**EXERCISE DIRECTIONS:** Without pictures, repeat the lines of the entries from the one containing "2024 Cadillac Lyriq Luxury photo 3" through the last, both ends included, and nothing else.

:: INFORMATION SHOWN

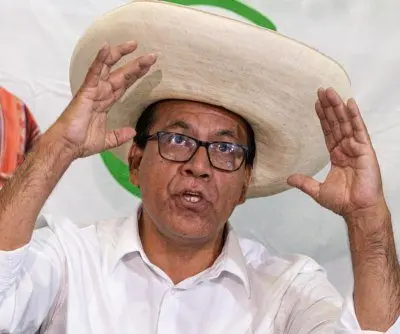 leftist-gains-in-race-to-presidential-runoff-in-peru-count-continues-2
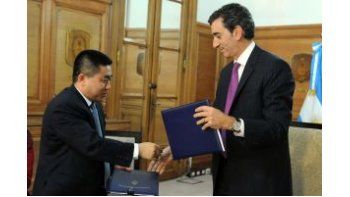 ámbito.com | El ministro de Interior y Transporte, Florencio Randazzo, y el titular de la empresa china CSR, firmaron el contrato para la adquisición de 300 coches nuevos destinados a la renovación completa de los trenes de la Línea Roca, que beneficiará a los pasaj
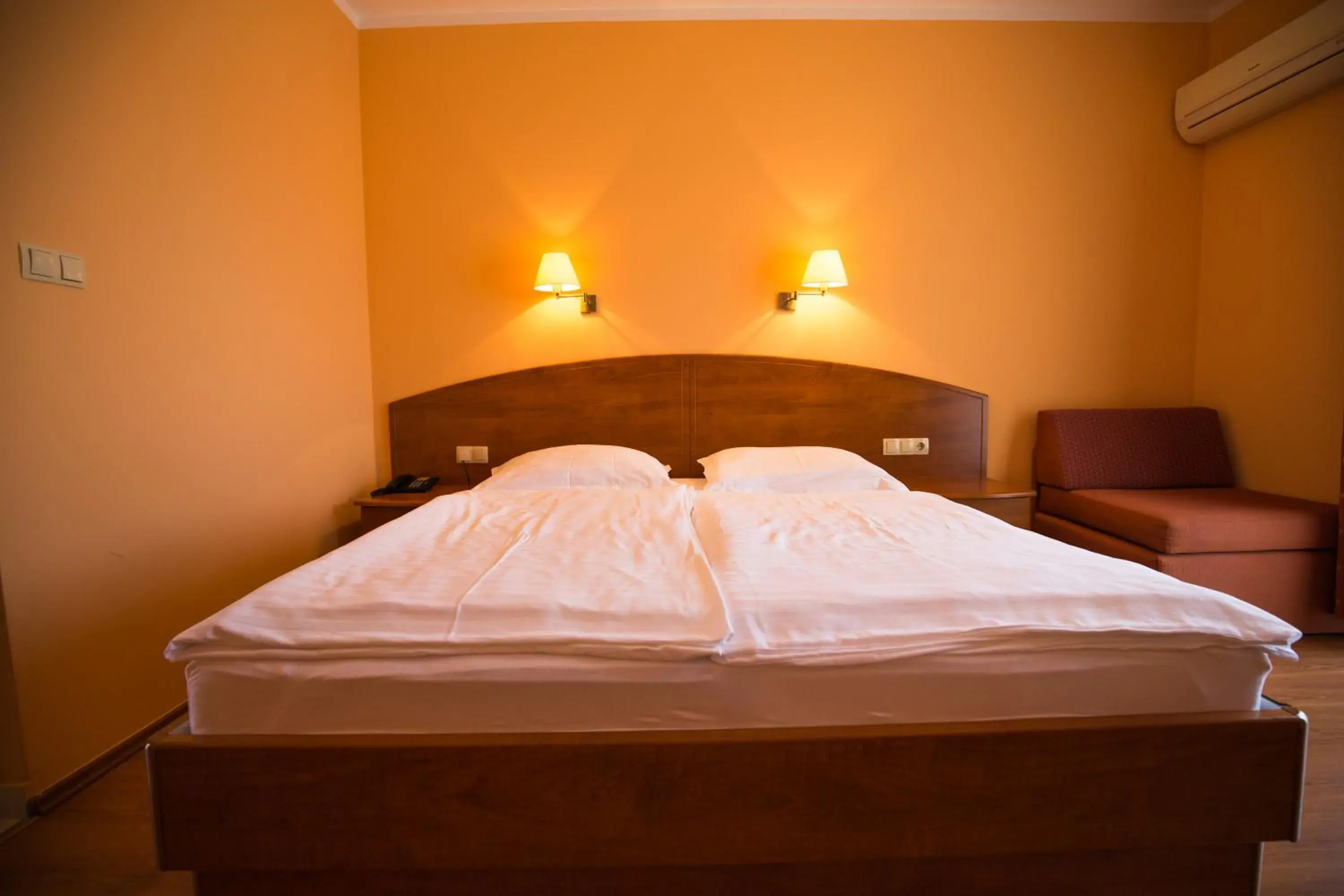 Double Room with Mountain View - single occupancy in Villa Tamaris Double Room with Mountain View - single occupancy in Villa Tamaris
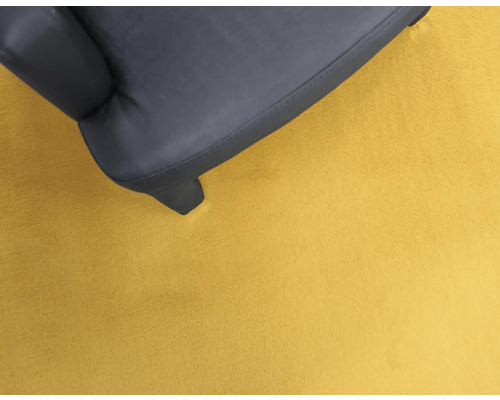 Vue détaillée d''un fauteuil rembourré sur un tapis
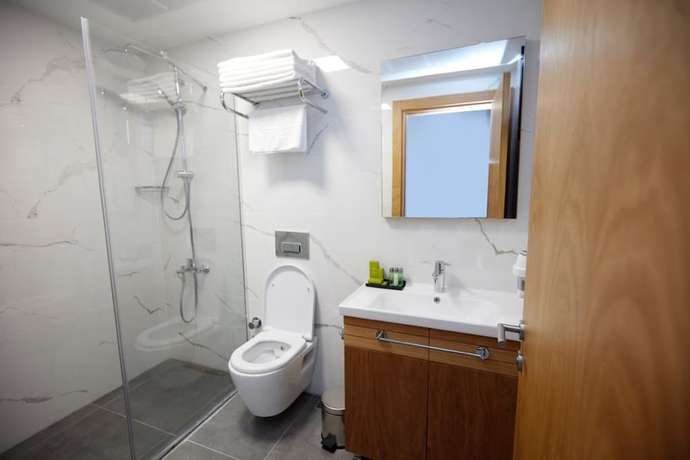 Imagen de la habitación del Ruwais Hotel. Foto 11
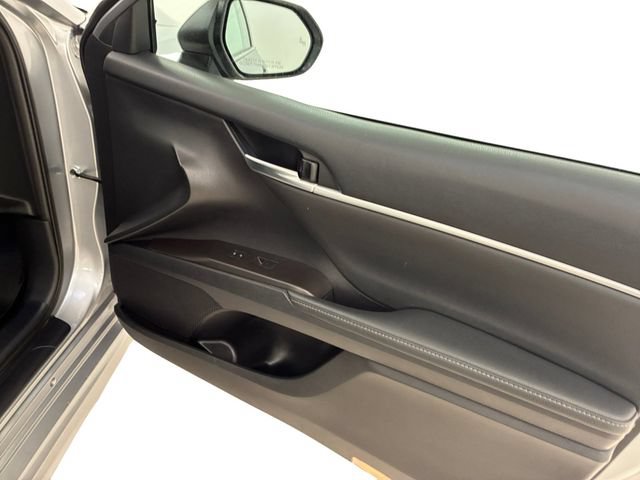 Used 2024 Toyota Camry XSE FWD image 15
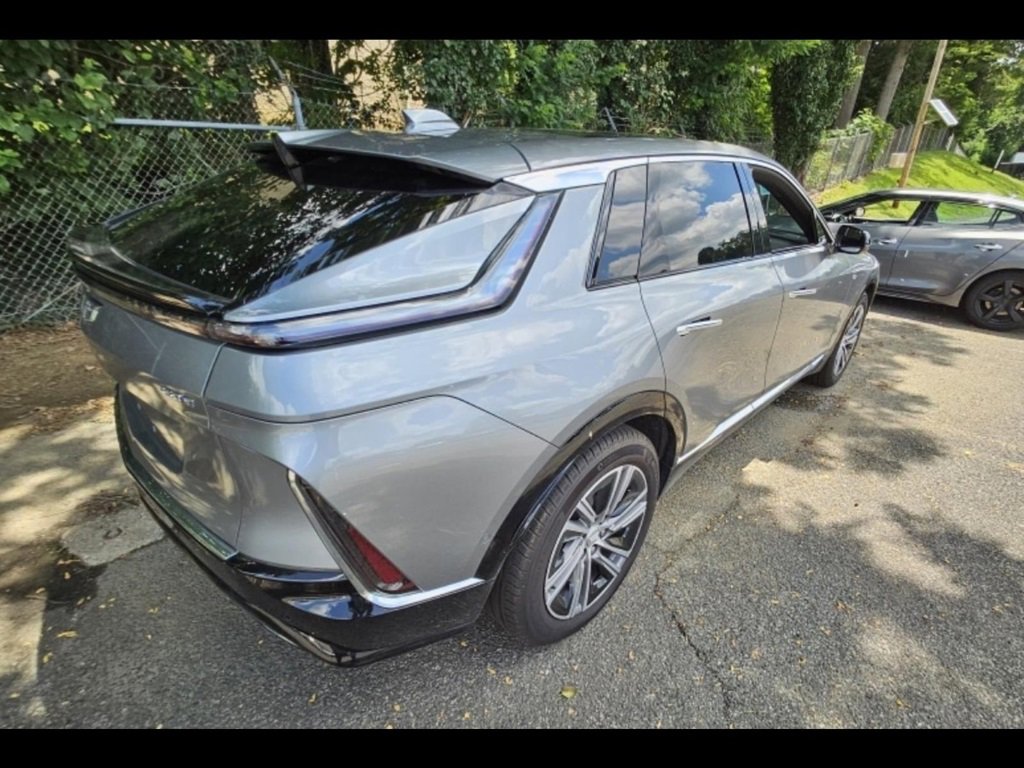 2024 Cadillac Lyriq Luxury photo 3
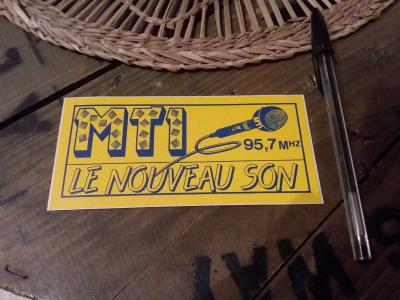 Ancien autocollant radio FM MT1 Le nouveau son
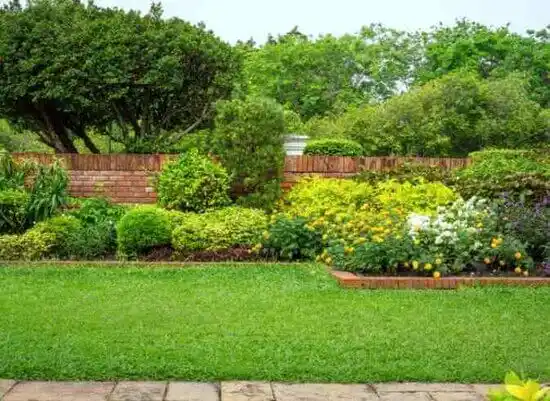 landscaping services Center Moriches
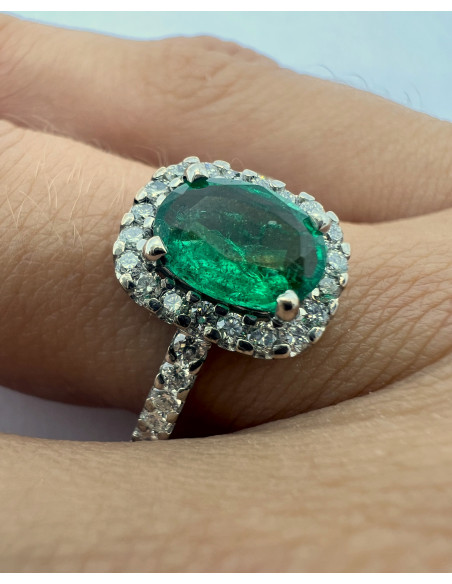 Anillo de Diamantes con Esmeralda Flor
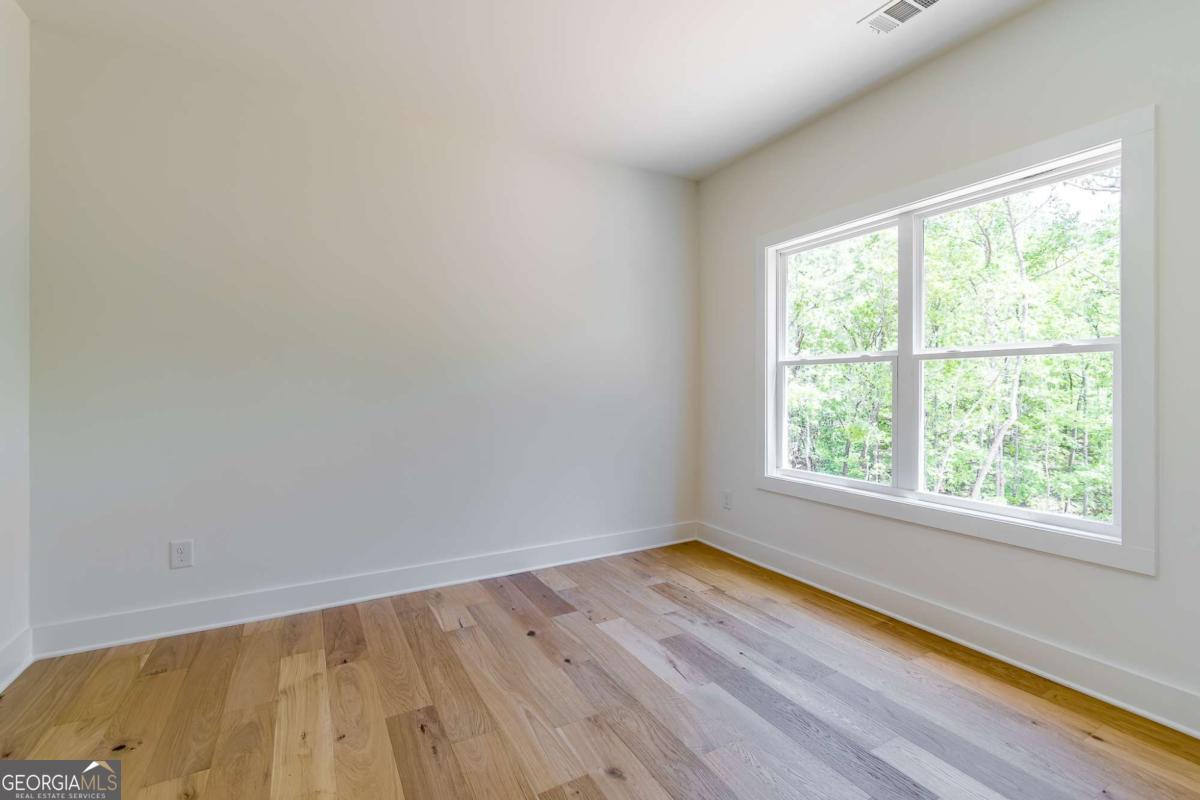 6073 Rockingham Way Property Photo 19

::::

**ANSWER SPACE:**
 2024 Cadillac Lyriq Luxury photo 3
 Ancien autocollant radio FM MT1 Le nouveau son
 landscaping services Center Moriches
 Anillo de Diamantes con Esmeralda Flor
 6073 Rockingham Way Property Photo 19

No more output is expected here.